* [Your instructions] Take the entries that follow and return exactly the lines from the one holding "Compostable Leather in" through the one holding "Volvo L 30 G Utovarivači na točkove", both included. Nothing else is needed.

* [Entries supplied]
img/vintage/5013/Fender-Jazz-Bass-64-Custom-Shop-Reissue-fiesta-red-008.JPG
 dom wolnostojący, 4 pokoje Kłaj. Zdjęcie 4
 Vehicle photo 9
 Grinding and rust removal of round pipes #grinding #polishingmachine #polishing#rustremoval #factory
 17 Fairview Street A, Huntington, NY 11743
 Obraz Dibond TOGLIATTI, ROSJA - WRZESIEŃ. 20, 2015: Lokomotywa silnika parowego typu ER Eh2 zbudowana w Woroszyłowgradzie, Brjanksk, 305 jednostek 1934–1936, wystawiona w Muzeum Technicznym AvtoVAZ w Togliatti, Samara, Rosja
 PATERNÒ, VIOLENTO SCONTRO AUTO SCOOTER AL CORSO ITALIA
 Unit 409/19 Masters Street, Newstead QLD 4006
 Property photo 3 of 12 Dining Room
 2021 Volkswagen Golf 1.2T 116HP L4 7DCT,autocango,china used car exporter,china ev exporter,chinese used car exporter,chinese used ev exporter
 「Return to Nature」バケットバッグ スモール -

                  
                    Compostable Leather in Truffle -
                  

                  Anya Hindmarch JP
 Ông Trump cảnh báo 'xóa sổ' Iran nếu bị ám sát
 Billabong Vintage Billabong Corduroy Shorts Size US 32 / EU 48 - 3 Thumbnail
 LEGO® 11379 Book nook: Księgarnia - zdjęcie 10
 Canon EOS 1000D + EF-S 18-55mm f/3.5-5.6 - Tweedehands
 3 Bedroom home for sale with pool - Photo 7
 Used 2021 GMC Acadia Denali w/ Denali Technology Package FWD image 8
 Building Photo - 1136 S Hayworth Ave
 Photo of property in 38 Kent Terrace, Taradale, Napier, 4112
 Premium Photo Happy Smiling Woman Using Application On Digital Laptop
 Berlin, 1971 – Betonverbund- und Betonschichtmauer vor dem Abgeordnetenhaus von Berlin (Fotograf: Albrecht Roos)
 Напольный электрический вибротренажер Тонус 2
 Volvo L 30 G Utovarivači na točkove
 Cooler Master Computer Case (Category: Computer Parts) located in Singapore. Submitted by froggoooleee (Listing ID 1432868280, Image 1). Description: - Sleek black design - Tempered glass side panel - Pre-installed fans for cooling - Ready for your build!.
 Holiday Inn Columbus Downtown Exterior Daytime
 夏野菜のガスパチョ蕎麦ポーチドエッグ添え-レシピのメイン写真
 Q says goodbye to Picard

* [Exercise response]
                    Compostable Leather in Truffle -
                  

                  Anya Hindmarch JP
 Ông Trump cảnh báo 'xóa sổ' Iran nếu bị ám sát
 Billabong Vintage Billabong Corduroy Shorts Size US 32 / EU 48 - 3 Thumbnail
 LEGO® 11379 Book nook: Księgarnia - zdjęcie 10
 Canon EOS 1000D + EF-S 18-55mm f/3.5-5.6 - Tweedehands
 3 Bedroom home for sale with pool - Photo 7
 Used 2021 GMC Acadia Denali w/ Denali Technology Package FWD image 8
 Building Photo - 1136 S Hayworth Ave
 Photo of property in 38 Kent Terrace, Taradale, Napier, 4112
 Premium Photo Happy Smiling Woman Using Application On Digital Laptop
 Berlin, 1971 – Betonverbund- und Betonschichtmauer vor dem Abgeordnetenhaus von Berlin (Fotograf: Albrecht Roos)
 Напольный электрический вибротренажер Тонус 2
 Volvo L 30 G Utovarivači na točkove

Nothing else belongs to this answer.